====== Records for the exercise

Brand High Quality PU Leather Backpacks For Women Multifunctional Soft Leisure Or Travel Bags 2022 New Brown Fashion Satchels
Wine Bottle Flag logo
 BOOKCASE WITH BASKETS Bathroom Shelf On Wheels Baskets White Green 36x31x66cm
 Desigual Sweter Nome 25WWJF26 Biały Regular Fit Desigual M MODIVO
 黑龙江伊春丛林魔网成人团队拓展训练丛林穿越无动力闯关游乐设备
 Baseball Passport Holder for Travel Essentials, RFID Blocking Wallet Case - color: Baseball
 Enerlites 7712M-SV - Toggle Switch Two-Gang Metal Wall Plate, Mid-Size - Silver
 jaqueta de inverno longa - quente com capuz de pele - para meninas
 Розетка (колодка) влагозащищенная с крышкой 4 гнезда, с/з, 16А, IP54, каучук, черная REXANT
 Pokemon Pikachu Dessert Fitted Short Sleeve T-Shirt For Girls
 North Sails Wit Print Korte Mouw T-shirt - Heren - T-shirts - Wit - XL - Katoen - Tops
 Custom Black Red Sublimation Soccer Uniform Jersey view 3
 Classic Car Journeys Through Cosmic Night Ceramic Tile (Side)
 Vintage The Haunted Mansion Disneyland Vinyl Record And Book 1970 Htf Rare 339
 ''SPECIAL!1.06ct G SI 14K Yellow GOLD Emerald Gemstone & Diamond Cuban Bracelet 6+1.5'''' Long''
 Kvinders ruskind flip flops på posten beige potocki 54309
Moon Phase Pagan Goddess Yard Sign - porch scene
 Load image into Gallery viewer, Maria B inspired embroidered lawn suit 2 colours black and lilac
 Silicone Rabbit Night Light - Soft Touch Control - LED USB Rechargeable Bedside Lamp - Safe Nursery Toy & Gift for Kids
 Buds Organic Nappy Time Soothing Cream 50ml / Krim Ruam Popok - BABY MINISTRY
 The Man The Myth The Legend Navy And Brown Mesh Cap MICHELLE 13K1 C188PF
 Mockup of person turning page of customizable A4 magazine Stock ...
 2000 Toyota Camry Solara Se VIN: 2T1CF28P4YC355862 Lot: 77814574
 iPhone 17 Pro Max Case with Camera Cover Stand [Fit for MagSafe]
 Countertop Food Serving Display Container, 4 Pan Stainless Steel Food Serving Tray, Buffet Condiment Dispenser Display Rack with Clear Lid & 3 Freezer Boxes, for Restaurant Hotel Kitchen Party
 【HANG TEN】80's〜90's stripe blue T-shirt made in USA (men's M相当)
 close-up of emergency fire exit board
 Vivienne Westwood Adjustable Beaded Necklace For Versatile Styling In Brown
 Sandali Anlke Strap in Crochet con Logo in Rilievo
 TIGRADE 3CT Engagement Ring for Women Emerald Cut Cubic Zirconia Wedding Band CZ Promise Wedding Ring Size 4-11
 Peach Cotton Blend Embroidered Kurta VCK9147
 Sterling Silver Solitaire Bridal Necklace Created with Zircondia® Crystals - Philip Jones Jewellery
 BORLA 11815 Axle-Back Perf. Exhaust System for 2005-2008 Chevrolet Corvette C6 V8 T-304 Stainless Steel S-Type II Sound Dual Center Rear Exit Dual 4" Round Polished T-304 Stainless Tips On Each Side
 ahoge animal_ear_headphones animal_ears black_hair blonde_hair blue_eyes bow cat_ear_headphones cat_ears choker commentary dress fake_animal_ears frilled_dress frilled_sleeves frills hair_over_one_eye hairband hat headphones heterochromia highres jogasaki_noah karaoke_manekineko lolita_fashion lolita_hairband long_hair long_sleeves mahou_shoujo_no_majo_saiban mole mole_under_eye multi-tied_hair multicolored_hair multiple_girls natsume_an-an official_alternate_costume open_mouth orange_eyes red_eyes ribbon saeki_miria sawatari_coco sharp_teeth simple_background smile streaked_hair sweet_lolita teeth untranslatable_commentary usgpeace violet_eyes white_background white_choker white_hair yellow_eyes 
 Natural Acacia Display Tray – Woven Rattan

============

Your instructions:
What the exercise asks for is the listing above, retyped in full.

Answer to this task:
Brand High Quality PU Leather Backpacks For Women Multifunctional Soft Leisure Or Travel Bags 2022 New Brown Fashion Satchels
Wine Bottle Flag logo
 BOOKCASE WITH BASKETS Bathroom Shelf On Wheels Baskets White Green 36x31x66cm
 Desigual Sweter Nome 25WWJF26 Biały Regular Fit Desigual M MODIVO
 黑龙江伊春丛林魔网成人团队拓展训练丛林穿越无动力闯关游乐设备
 Baseball Passport Holder for Travel Essentials, RFID Blocking Wallet Case - color: Baseball
 Enerlites 7712M-SV - Toggle Switch Two-Gang Metal Wall Plate, Mid-Size - Silver
 jaqueta de inverno longa - quente com capuz de pele - para meninas
 Розетка (колодка) влагозащищенная с крышкой 4 гнезда, с/з, 16А, IP54, каучук, черная REXANT
 Pokemon Pikachu Dessert Fitted Short Sleeve T-Shirt For Girls
 North Sails Wit Print Korte Mouw T-shirt - Heren - T-shirts - Wit - XL - Katoen - Tops
 Custom Black Red Sublimation Soccer Uniform Jersey view 3
 Classic Car Journeys Through Cosmic Night Ceramic Tile (Side)
 Vintage The Haunted Mansion Disneyland Vinyl Record And Book 1970 Htf Rare 339
 ''SPECIAL!1.06ct G SI 14K Yellow GOLD Emerald Gemstone & Diamond Cuban Bracelet 6+1.5'''' Long''
 Kvinders ruskind flip flops på posten beige potocki 54309
Moon Phase Pagan Goddess Yard Sign - porch scene
 Load image into Gallery viewer, Maria B inspired embroidered lawn suit 2 colours black and lilac
 Silicone Rabbit Night Light - Soft Touch Control - LED USB Rechargeable Bedside Lamp - Safe Nursery Toy & Gift for Kids
 Buds Organic Nappy Time Soothing Cream 50ml / Krim Ruam Popok - BABY MINISTRY
 The Man The Myth The Legend Navy And Brown Mesh Cap MICHELLE 13K1 C188PF
 Mockup of person turning page of customizable A4 magazine Stock ...
 2000 Toyota Camry Solara Se VIN: 2T1CF28P4YC355862 Lot: 77814574
 iPhone 17 Pro Max Case with Camera Cover Stand [Fit for MagSafe]
 Countertop Food Serving Display Container, 4 Pan Stainless Steel Food Serving Tray, Buffet Condiment Dispenser Display Rack with Clear Lid & 3 Freezer Boxes, for Restaurant Hotel Kitchen Party
 【HANG TEN】80's〜90's stripe blue T-shirt made in USA (men's M相当)
 close-up of emergency fire exit board
 Vivienne Westwood Adjustable Beaded Necklace For Versatile Styling In Brown
 Sandali Anlke Strap in Crochet con Logo in Rilievo
 TIGRADE 3CT Engagement Ring for Women Emerald Cut Cubic Zirconia Wedding Band CZ Promise Wedding Ring Size 4-11
 Peach Cotton Blend Embroidered Kurta VCK9147
 Sterling Silver Solitaire Bridal Necklace Created with Zircondia® Crystals - Philip Jones Jewellery
 BORLA 11815 Axle-Back Perf. Exhaust System for 2005-2008 Chevrolet Corvette C6 V8 T-304 Stainless Steel S-Type II Sound Dual Center Rear Exit Dual 4" Round Polished T-304 Stainless Tips On Each Side
 ahoge animal_ear_headphones animal_ears black_hair blonde_hair blue_eyes bow cat_ear_headphones cat_ears choker commentary dress fake_animal_ears frilled_dress frilled_sleeves frills hair_over_one_eye hairband hat headphones heterochromia highres jogasaki_noah karaoke_manekineko lolita_fashion lolita_hairband long_hair long_sleeves mahou_shoujo_no_majo_saiban mole mole_under_eye multi-tied_hair multicolored_hair multiple_girls natsume_an-an official_alternate_costume open_mouth orange_eyes red_eyes ribbon saeki_miria sawatari_coco sharp_teeth simple_background smile streaked_hair sweet_lolita teeth untranslatable_commentary usgpeace violet_eyes white_background white_choker white_hair yellow_eyes 
 Natural Acacia Display Tray – Woven Rattan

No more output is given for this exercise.